Review of The Phoenix

The Phoenix (1978)
Silly fantasy from Taiwan
3 February 2023
My review was written in December 1983 after a screening at Empire theater on Manhattan's 42nd St.

"War of the Wizards" is the U. S. release version of a 1978 Taiwanese film originally titled "The Phoenix". Picture is a colorful, but silly juvenile fantasy adventure, rendered very difficult to watch (and listen to) by poor U. S. dubbing and editing.

Period tale concerns a young fisherman named Thai, who finds a treasure chest underwater containing the legendary Magic Vessel of Plenty and Bamboo Book. The golden Vessel creates material wealth whenever he wishes, and attracts the attention of various villains and wizards. Ultimately Thai falls in with two beautiful sisters, marrying one and setting up a menage a trois.

The sisters are stooges for their evil aunt Flower Fox, who steals Thai's Vessel and demands the (still underwater) Bamboo Book from him. Thai escapes aboard that mythic bird The Phoenix to Fairy Mountain, where he acquires super powers from the Sun and Moon and battles with Fox and her huge henchman (played by U. S. guest star Richard Kiel).

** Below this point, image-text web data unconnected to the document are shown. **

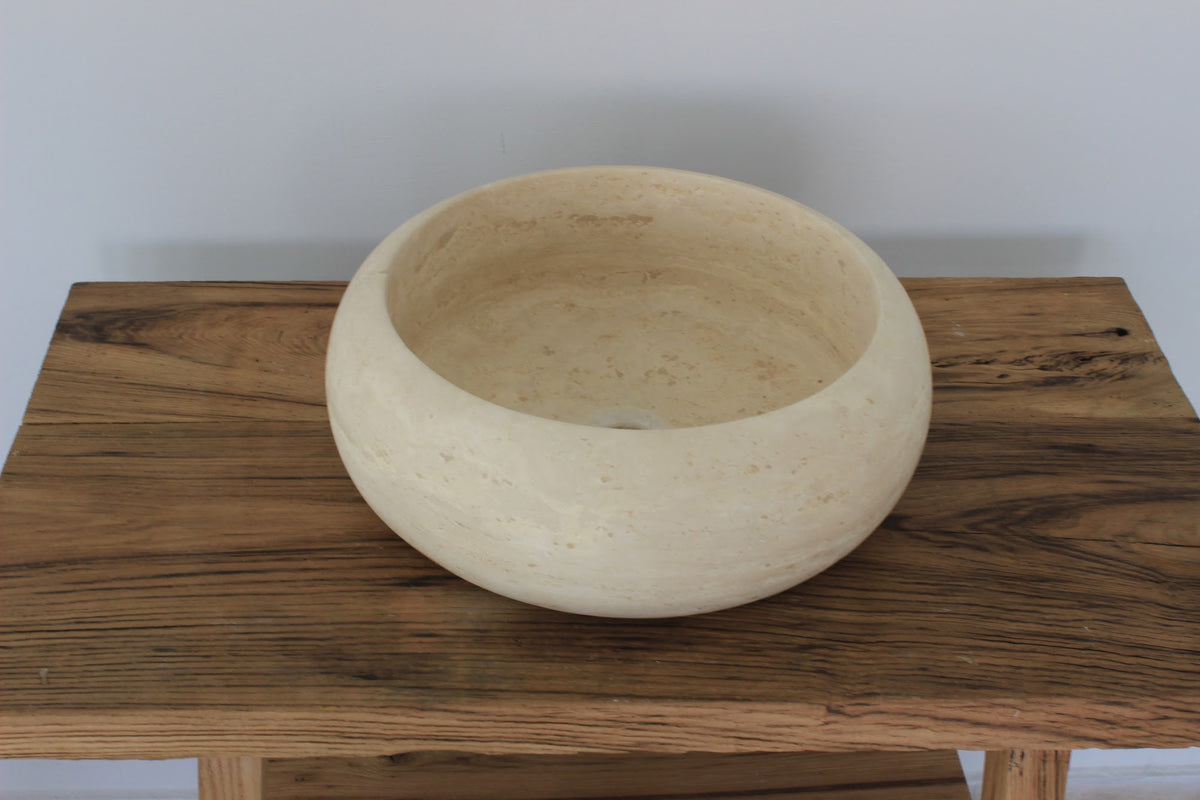 Hand-Carved Zen Pebble Limestone Vessel Sink – Round Matte Cream Natural Stone Basin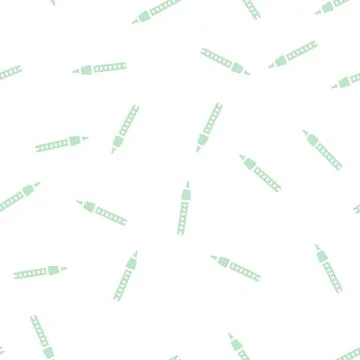 Laboratory thermometer glyph vector seamless pattern black Stock Illustration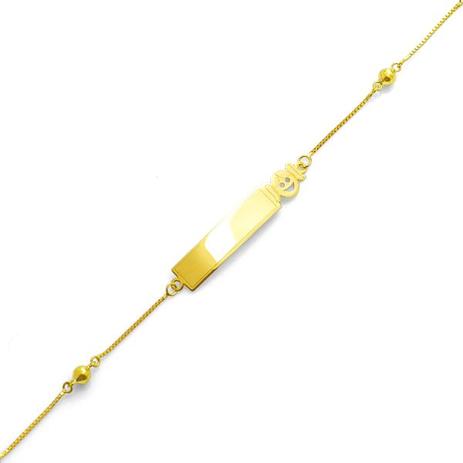 Pulseira de Ouro 18k com Placa Infantil Detalhe Menina 13cm pu02810 - Joiasgold Menor preço em Pulseira de Ouro 18k com Placa Infantil Detalhe Menina 13cm pu02810 - Joiasgold
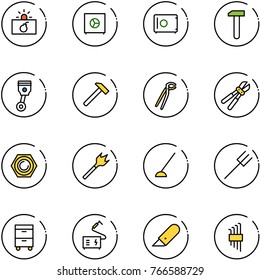 line vector icon set - terrorism vector, safe, work, piston, hammer, plumber, bolt cutter, nut, wood drill, hoe, farm fork, tool cabinet, welding, knife, allen key set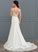 Stretch Trumpet/Mermaid Crepe Wedding Train Alexus With Court Dress Lace V-neck Sequins Wedding Dresses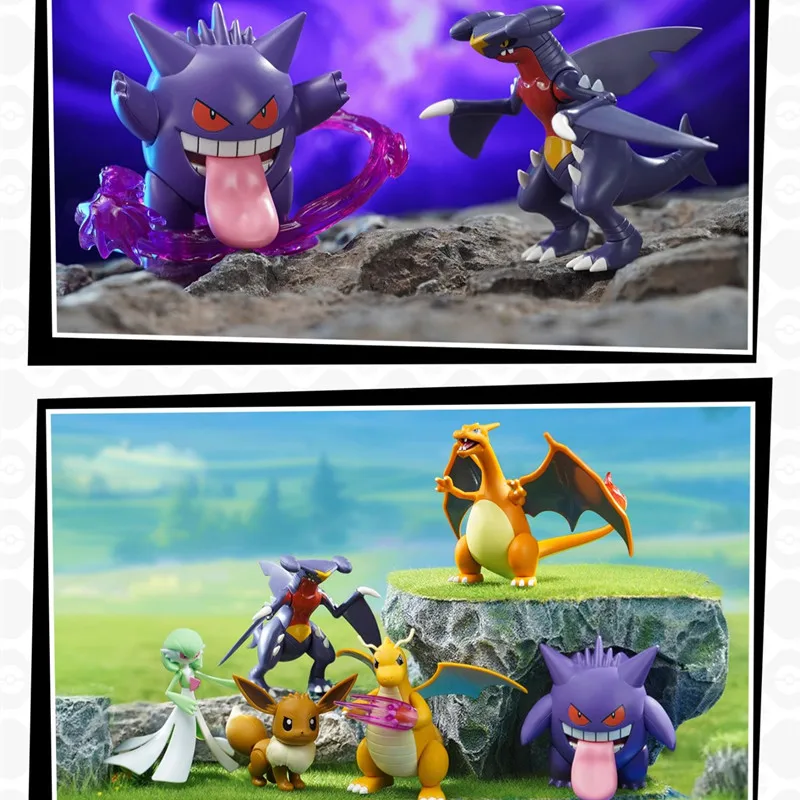 Gengar Charizard Eevee Dragonite Gardevoir Garchomp Anime Figure Model Peripheral Assemble Toys Blind Box Ornament Birthday Gift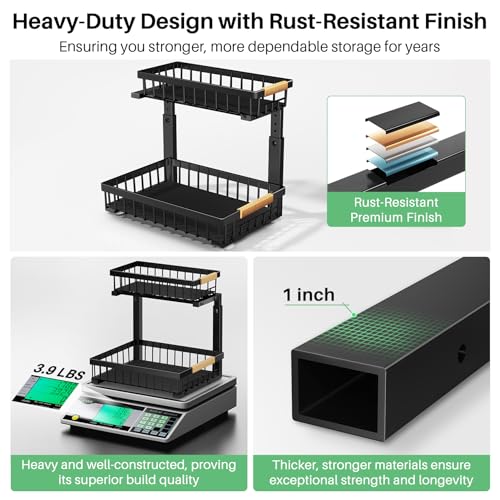 Under Sink Organizer, 2 Tier Under the Sink Storage, Slide out Pull out Cabinet Organizer Shelf, Metal Sliding Drawer for Kitchen Bathroom Pantry Closet Organization Rack, Black, 2 Pack - view 5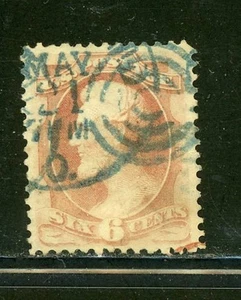 US Scott # 159 - Used - RARE Double Blue Cancel - CV=$18.00        (9-C252) - Picture 1 of 2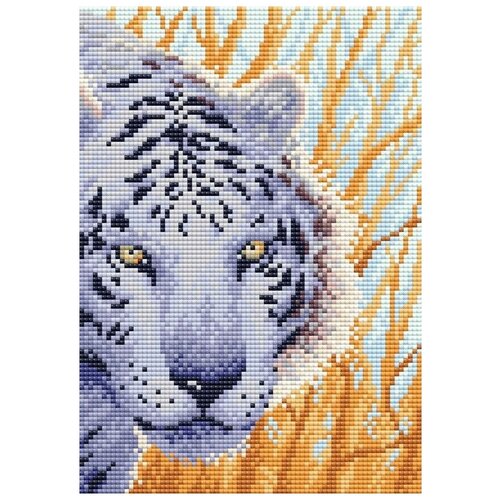Алмазная мозаика Снежный тигр, 27x19 см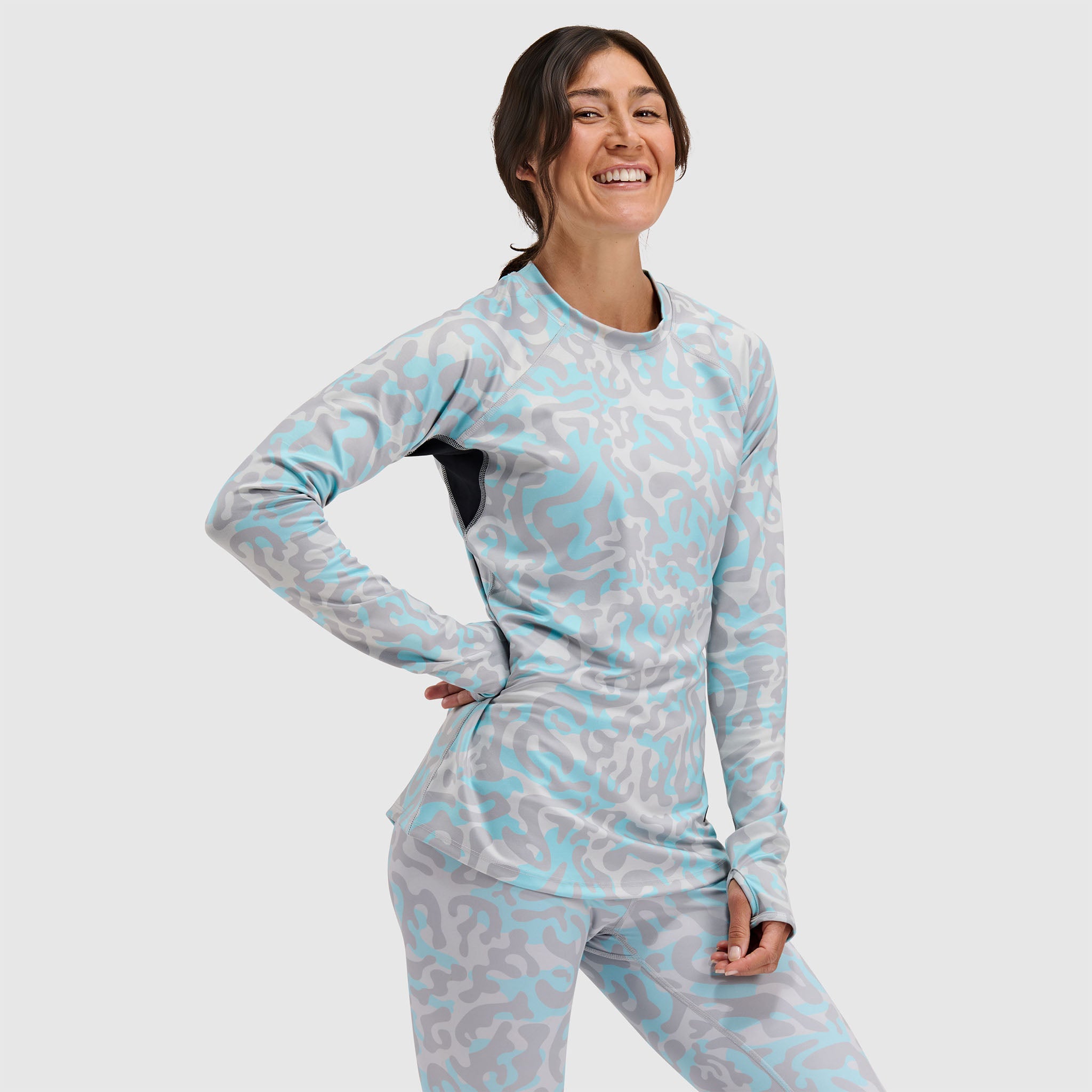 BlackStrap Women's Summit Baselayer Crewneck Long Sleeve #color_animo ash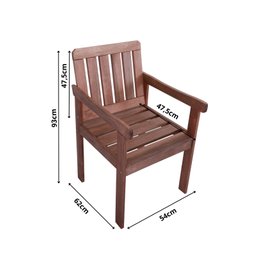 Conjunto 02 Cadeiras Poltrona e Mesa de Centro Madeira Maciça Jardim Varanda - 3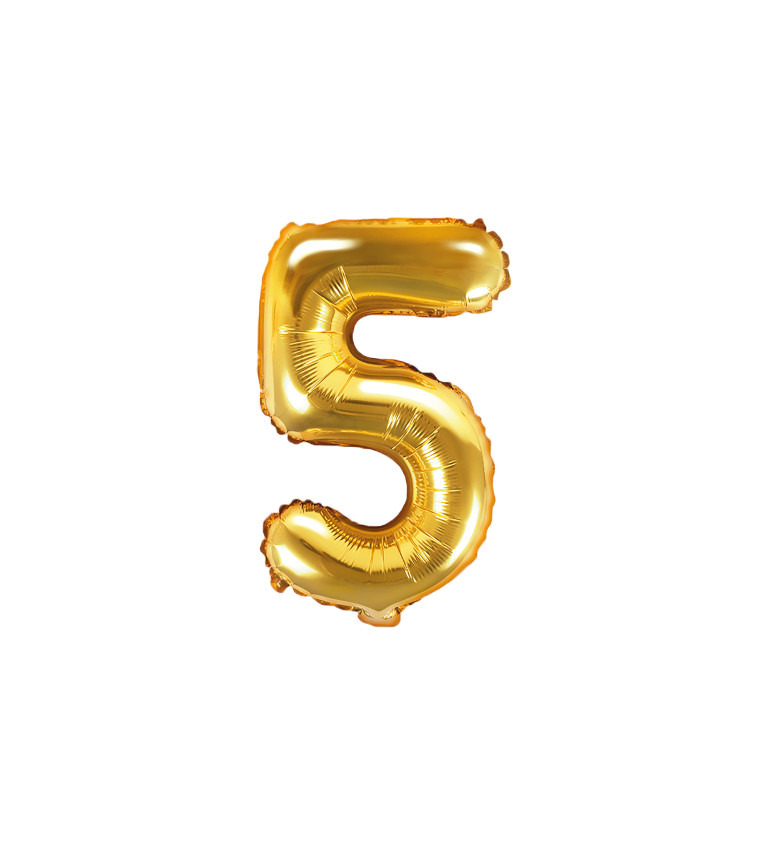 Fóliový balónek s číslem 5 - zlatý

Truncated film is of interest mainly for its gaudy costumes and sets, saturated with bright red and other primary colors. Special effects are cheap animated rays, poor miniatures and sloppy optical printing, with the Phoenix a stiff papier mache creation on the level of U. S. junk monsters such as the Giant Claw of the 1950s. The hero, credited as "Charles Lang", mugs incessantly while Kiel is embarrassing.